Activity:
Render every line of the data exactly as written, and leave out the pictures.

Data provided:
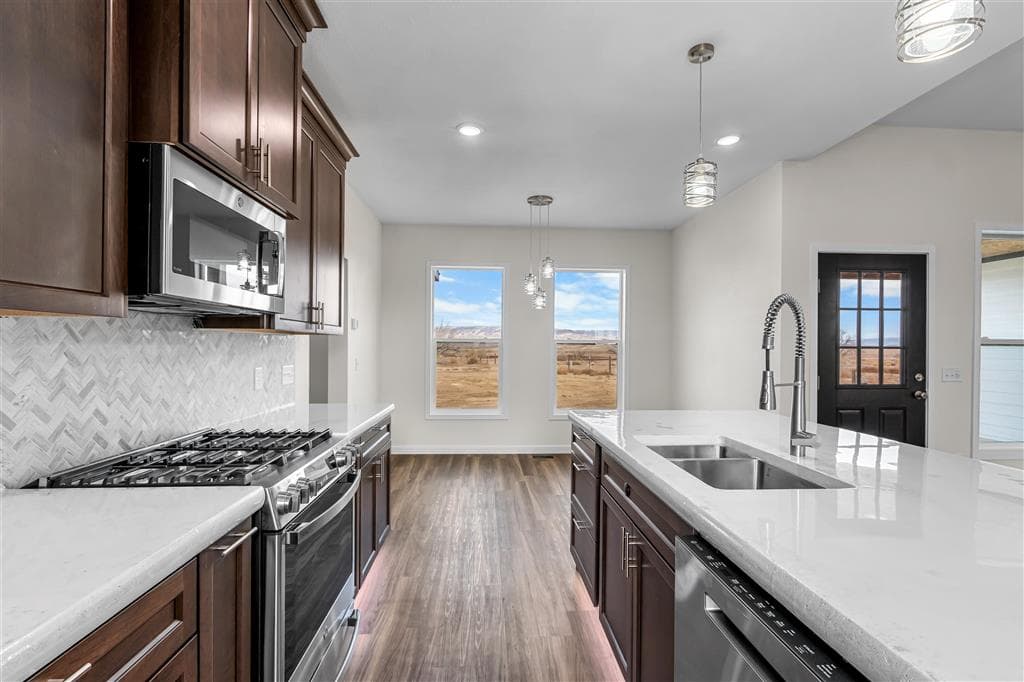 793 Hwy 310 — photo 3 of 37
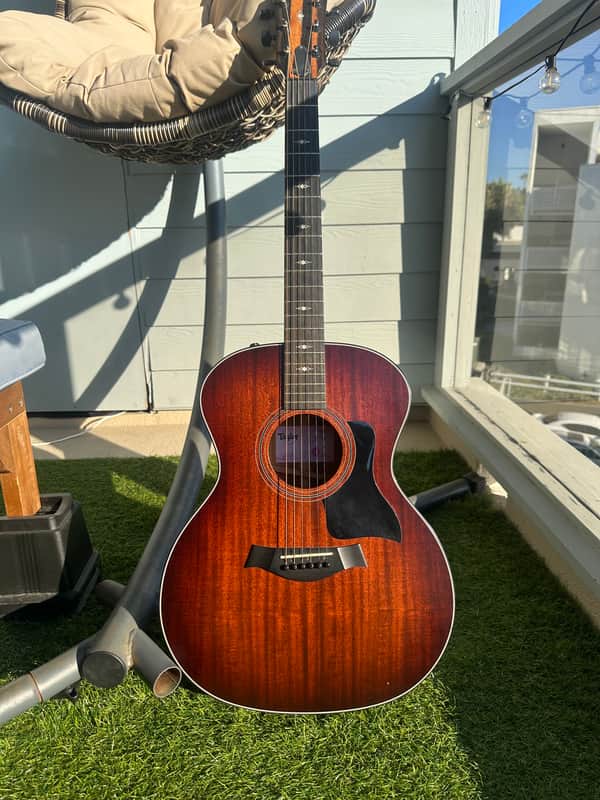 Taylor Guitar 324e 2014 - 2015 - Natural image 1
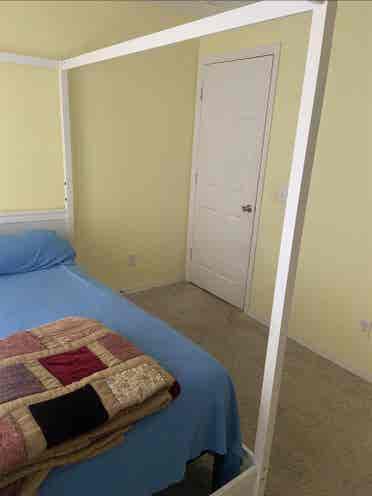 Room For Rent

Written answer:
 793 Hwy 310 — photo 3 of 37
 Taylor Guitar 324e 2014 - 2015 - Natural image 1
 Room For Rent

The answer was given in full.